Keeping the theme of what would’ve performed well years ago, Al Pacino and Anthony Hopkins show up for a paycheck. Had they starred in a thriller like Misconduct in the mid-1990s, it would’ve been a major event. Today, their powerhouse status has petered out, in part because of the natural decline of popularity with age (both men are in their seventies), and in part because Pacino and Hopkins have starred in progressively worse roles over the years (Jack and Jill or Noah, anyone?). Here, they appear tired and bored with the material. The younger cast doesn’t improve matters. Model-turned-leading-man Josh Duhamel is the headliner next to Malin Akerman, Alice Eve, and Julia Stiles, all equally shrug-inducing.

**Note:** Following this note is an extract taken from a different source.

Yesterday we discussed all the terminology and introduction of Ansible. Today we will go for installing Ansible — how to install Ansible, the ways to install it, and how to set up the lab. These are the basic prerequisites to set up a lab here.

Why so many notable faces were drawn to Simon Boyes and Adam Mason’s formulaic script—aside from the money, of course—remains a mystery. Set in New Orleans, the tepid story follows a budding attorney, Ben (Duhamel), who brings his blatant amorality to a high-powered firm run by Pacino’s character Charles Abrams. Although he’s in a marriage with an icy and distant wife (Eve), Ben meets up with a stereotypically off-kilter ex-girlfriend Emily (Akerman). Turns out Emily has evidence that incriminates her boyfriend, pharmaceutical mogul Arthur Denning (Hopkins), and she wants Ben to expose his crimes. Abrams has long aspired to nail Denning in court, so he backs Ben on the case.

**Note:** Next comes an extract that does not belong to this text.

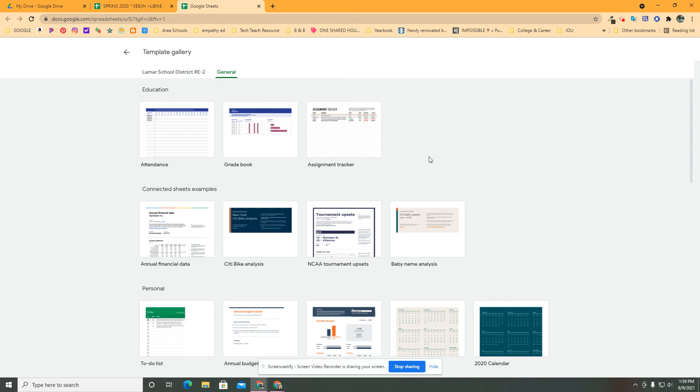Hope you'll join me. Hope this is helpful. So first step, get into sheets, get to the template gallery.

When Emily ends up kidnapped and dead, Ben realizes he’s in over his head. The plot thickens further with various hackneyed developments: A suicide that looks like a murder; a neighborly bystander who’s seen too much; and a dying hitman (Byung-hun Lee) on a motorcycle, who seems inexplicably motivated to take care of witnesses with extreme prejudice. Framed for murder, Ben becomes a wanted man on the run, all while trying to figure out who’s orchestrating the movie’s events. The script doles out twists and turns like the worst kind of thriller, and first-time director Shintaro Shimosawa doesn’t resist allowing his performers to overact their roles. Equally overcompensating is composer Federico Jusid, who seems to think he’s providing music to a Hitchcock picture.

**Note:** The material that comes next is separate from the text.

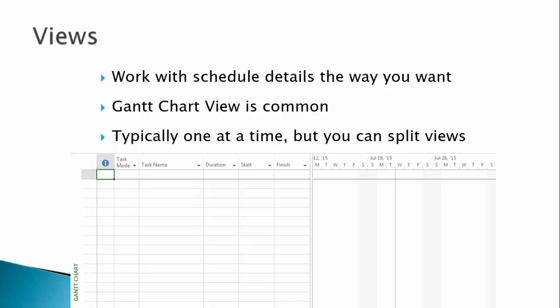The Gantt chart view includes a table on the left side to enter tasks, estimates, and assignments. The right-hand side is headed by a configurable timeline and contains the actual bars and dependencies of the modern Gantt chart. Let's take a quick look at some specific views.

Duhamel is hardly sympathetic as the hero, lacking the requisite everyman charm to endear the audience to him like, say, a younger Michael Douglas or Tom Cruise. Pacino adopts an awful accent that makes him sound more like his character from Carlito’s Way than an appropriate Louisianan inflection. And Akerman seems very miscast in her psycho ex-girlfriend role. Barely released in theaters, the movie also debuts on VOD the same day, but it should have got direct-to-video (as in VHS, not DVD or Blu-ray). If there’s anything good to be said about Misconduct, it’s the sharp lensing by Michael Fimognari. His slick camerawork holds extended takes and adopts interesting angles that at least make the experience visually competent. If only the same could be said for the story or performances.